The speed in that handy energy equation—k = (1/2)mv2—comes from our bodies. “As biomechanists, we call it the ‘kinematic chain,’” he says. “That’s how motion moves from the ground, all the way up through your body.” When players use their whole bodies to swing, by rotating their hips, torsos, and shoulders, they get a larger total angular velocity, which moves through the bat and then—assuming they make contact—the ball.
In physics, there’s something called the “coefficient in restitution,” which Karakolis explains as “the efficiency of the energy getting transferred from one object to another in a collision.” This number, which can be used to calculate how fast objects will move after they collide, is a fraction between zero and one. In baseball, players want their coefficient in restitution to be close to one, implying that all of the energy from their bodies and the bat goes into the ball. This scenario would be what physicists call a perfectly elastic collision.

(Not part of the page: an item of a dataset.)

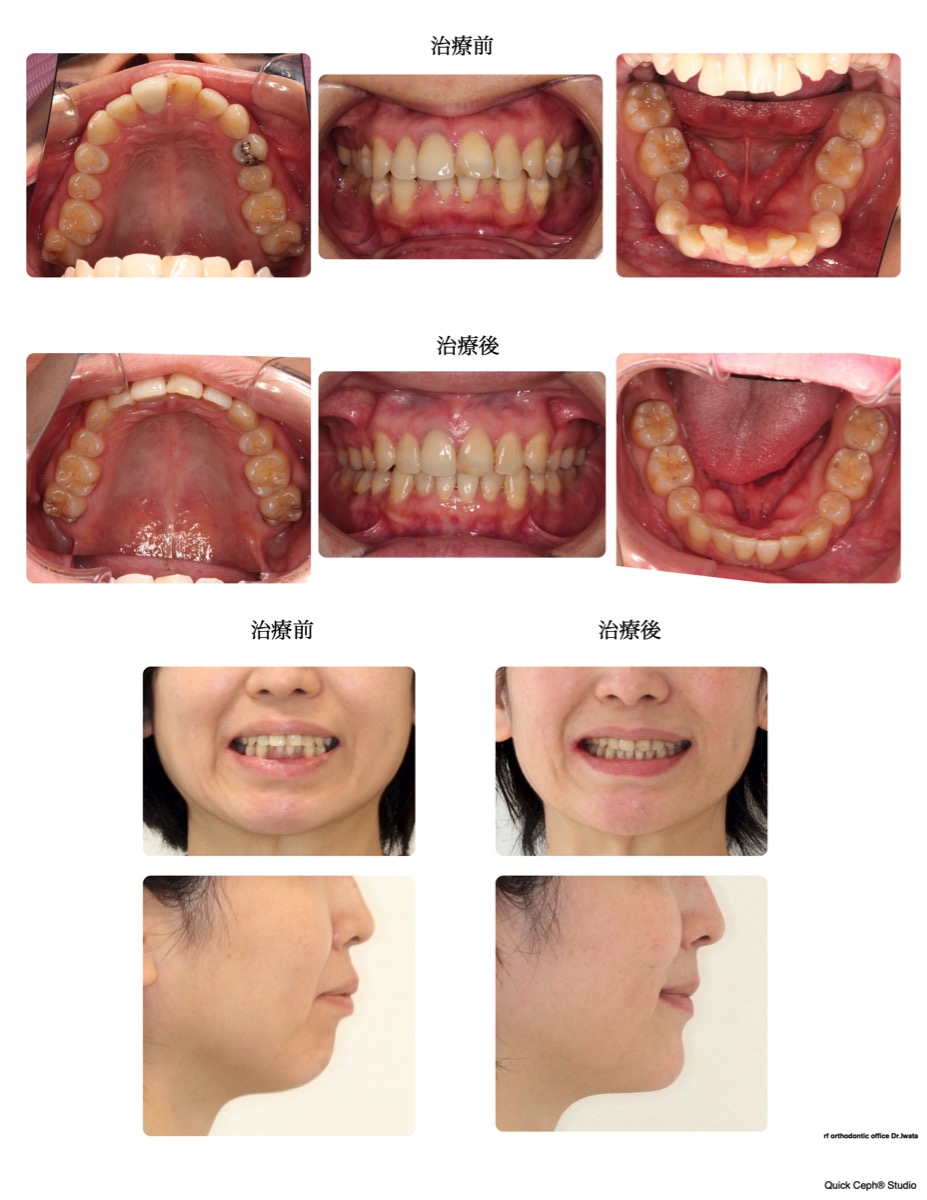 上下顎前突症例 　＜上下顎小臼歯抜歯により叢生と口元の前突を改善した抜歯矯正治療＞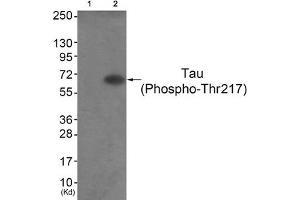 Western blot analysis of extracts from HepG2 cells (Lane 2), using Tau (Phospho-Thr217) Antibody. (MAPT Antikörper  (pThr217))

In order to do this, players need to hit the ball at the place on the bat where they get the most energy transfer—the “sweet spot”—for the longest amount of time, so that the ball shoots off in the proper direction. “If you can follow through in the same direction as the ball,” Das says. “You’re maintaining the longest contact with the ball and maximizing that transfer of energy.”
Don’t forget, the ball is also coming in really hot at this point. “When pitchers throw the ball harder, that energy comes in with the ball and can be turned around to go faster,” Karakolis says. The trick for players, he explained, is being able to make themselves perfectly stiff at the moment of impact. “Any lack of stiffness leads to energy losses.” This is why it’s really important that players have strong arms and legs and powerful cores, so they can hold themselves steady at the moment of impact.

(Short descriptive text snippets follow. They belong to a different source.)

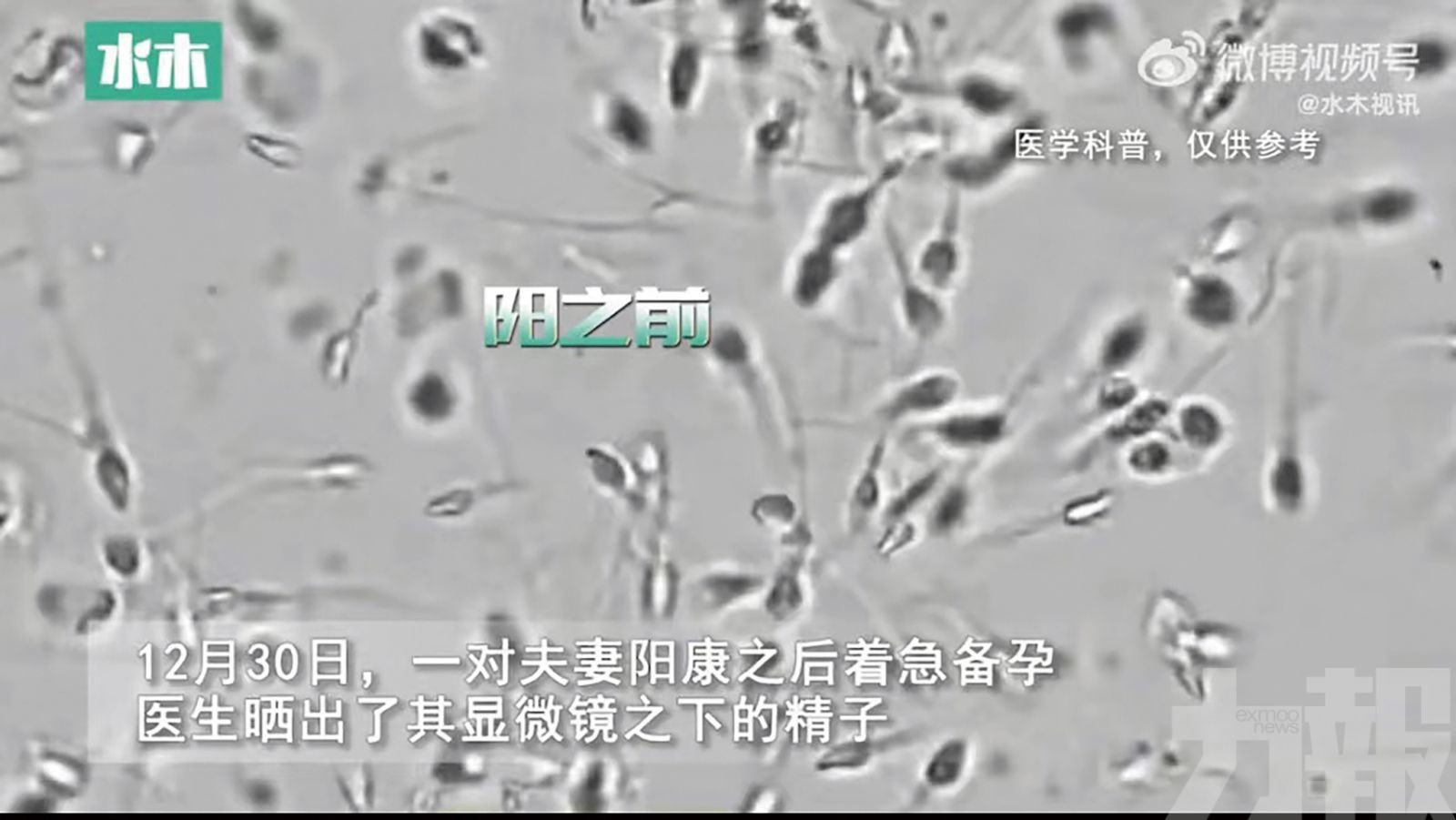 染疫後精子數量大減
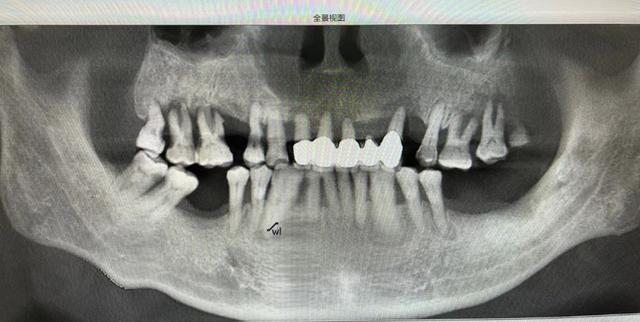 【病例分享】数字化导板精准种植和即刻负重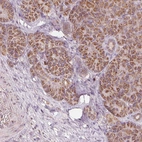 Immunohistochemical staining of human pancreas shows moderate positivity in exocrine glandular cells.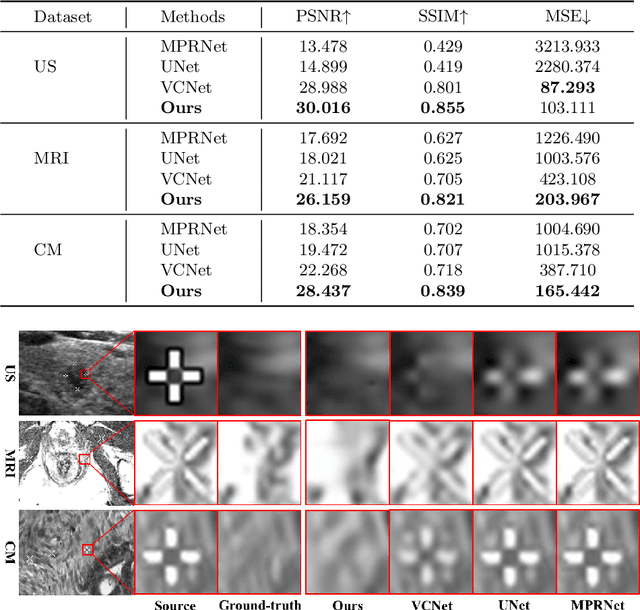 Figure 4 for Blind Inpainting with Object-aware Discrimination for Artificial Marker Removal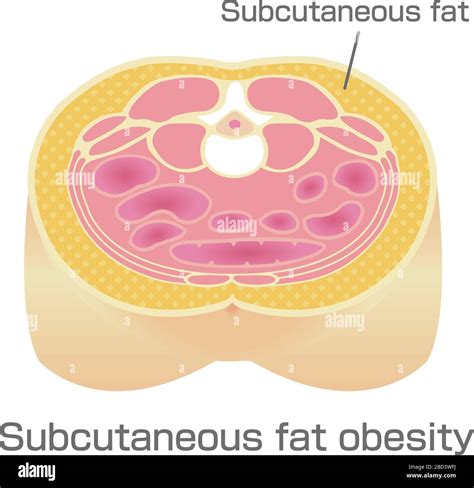 Menopause Subcutaneous Fat at Frances Chavez blog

There are two other variables in play: the ball and the bat. But as FiveThirtyEight reported earlier this year, we can assume the baseballs, at least in the MLB, are all the same.
That leaves the stick. The wood used in bats isn’t totally solid, Karakolis says. It crumples, ever so slightly, when it’s swung and comes into contact with a ball hurdling through the air, which is why are usually dents in a well-used bat. Some of the swing’s kinetic energy can be lost here, too—which is why players may resort to something called “bat boning” to make them even harder. There are fancy ways to do this with vacuums, but it can also be done by rubbing really hard objects, like animal bones, on the bat. In theory, rubbing harder objects on the bat makes the bat harder by pre-condensing the wood, so the ball doesn’t do so when it’s hit.
There are coatings now in use that may achieve the same thing. Steve Phillips, former general manager of the New York Mets, told the New York Times that he felt the bats in use today are a lot shinier than they used to be. “When you look at these bats now, they are so lacquered,” he said. “You don’t even see the grains anymore.” What’s more plausible is what’s really causing more power in the sport is simply that hitters are getting better
If—and only if—players can keep their speed constant while making perfect contact with the ball on a perfectly hard bat, they would be able to hit the ball harder if they’re bigger.
That, of course is unlikely. What’s more plausible is what’s really causing more power in the sport is simply that hitters are getting better: more skillful at hitting that sweet spot and following through while keeping still to transfer as much of that energy as possible.
“That’s why baseball is so fascinating,” Das says. “There are just so many variables at play that when you do see that home run, it’s like the stars align. It’s a thing of beauty.”